I've tried searching and waiding thru the hits I go on calipers.

I'm not positive I have the correct name so I'll attempt to describe the part.

I bought brake pads for my girlfriends 96 200sx. I removed the right front caliper to replace the pads and couldn't get the new pads in. Yes, I compressed teh caliper piston.
My problem is the top caliper pin. There are two of them. The bolts that hold the calipers on the car go into these pins. Both pins are covered with a seal that expands and contracts as the pins go in and out. I'm assuming they only slowly go in as the pads wear.

Anyway, the lower pin pops right out and is well greased. The top pin is stuck solid.

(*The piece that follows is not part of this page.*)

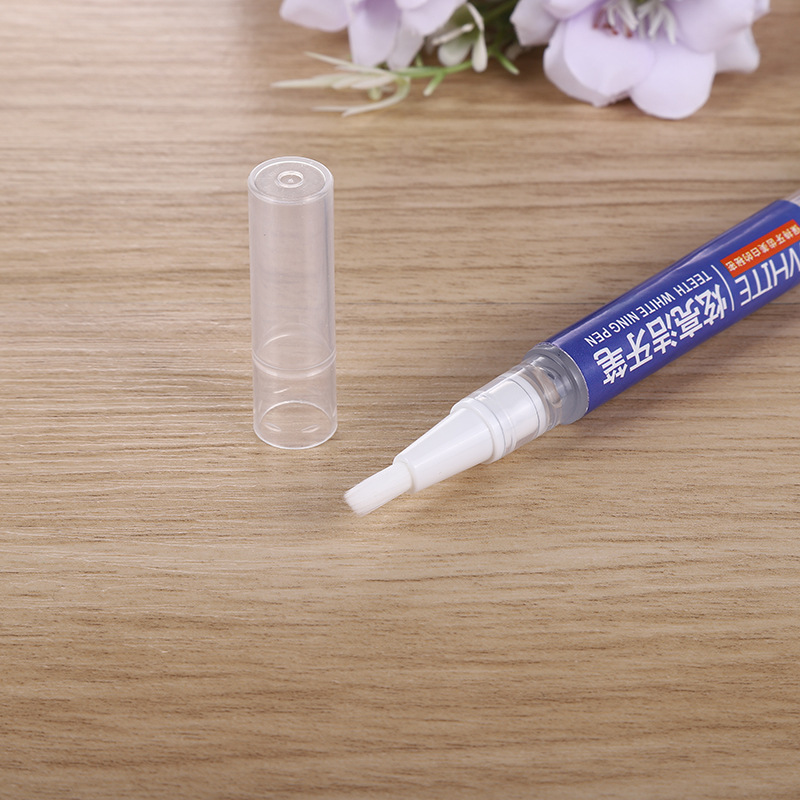Factory Direct Sales Wholesale Rotating Teeth Whitening Pen, Tooth Pen, Gel Teeth Pen, White Dazzling Teeth Cleaning Pen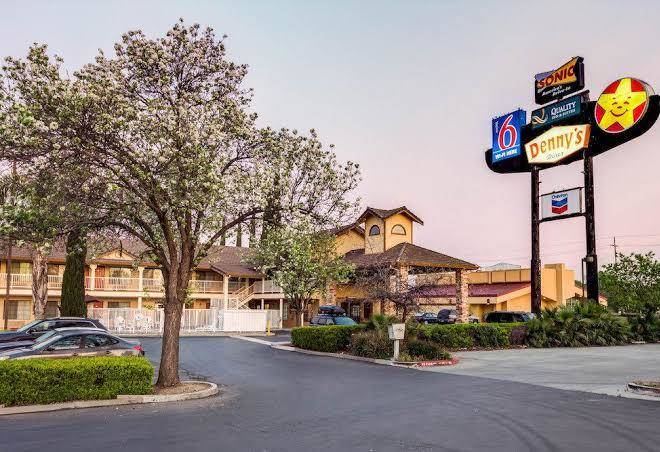Quality inn & suites woodland sacramento airport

After toiling with the drivers side for a while I switched to the passenger side. Evrything came apart easily. The caliper pins on this side are well greased and slide out easily. 

Now the passenger side has new pads and the drivers side still has the old pads. These old pads are about 1/2 gone. (it wasn't exactly broke. I shouldn't have tried to fix it 

So what do I do about the stuck pin? Does that mean I need new calipers? I'm afraid to beat or pound on the caliper to try and get it out. I guess the worst I could do is break the caliper. They I would know to buy another.

Any help or links to proper threads will be apreciated.


----------



## Twiz (Aug 24, 2004)

I had this problem before. To extract the caliper pin you need a short nipple that fits over the caliper pin (I think it was 1" black pipe I can't remember), a stainless steel bolt that threads inside the pin, fairly short ... 1" - 1 1/2" long I think and a few large washers which are used as spacers to increase the distance between the caliper and the bolt. You get the idea. It's a quickie made caliper pin extractor, I really didn't have the time to go buy one.

Oh and you need a new caliper pin, make sure this one slides nicely inside.


----------



## copperhead110 (May 12, 2002)

Twiz said:


> I had this problem before. To extract the caliper pin you need a short nipple that fits over the caliper pin (I think it was 1" black pipe I can't remember), a stainless steel bolt that threads inside the pin, fairly short ... 1" - 1 1/2" long I think and a few large washers which are used as spacers to increase the distance between the caliper and the bolt. You get the idea. It's a quickie made caliper pin extractor, I really didn't have the time to go buy one.
> 
> Oh and you need a new caliper pin, make sure this one slides nicely inside.




Good Idea. 
Thanks


----------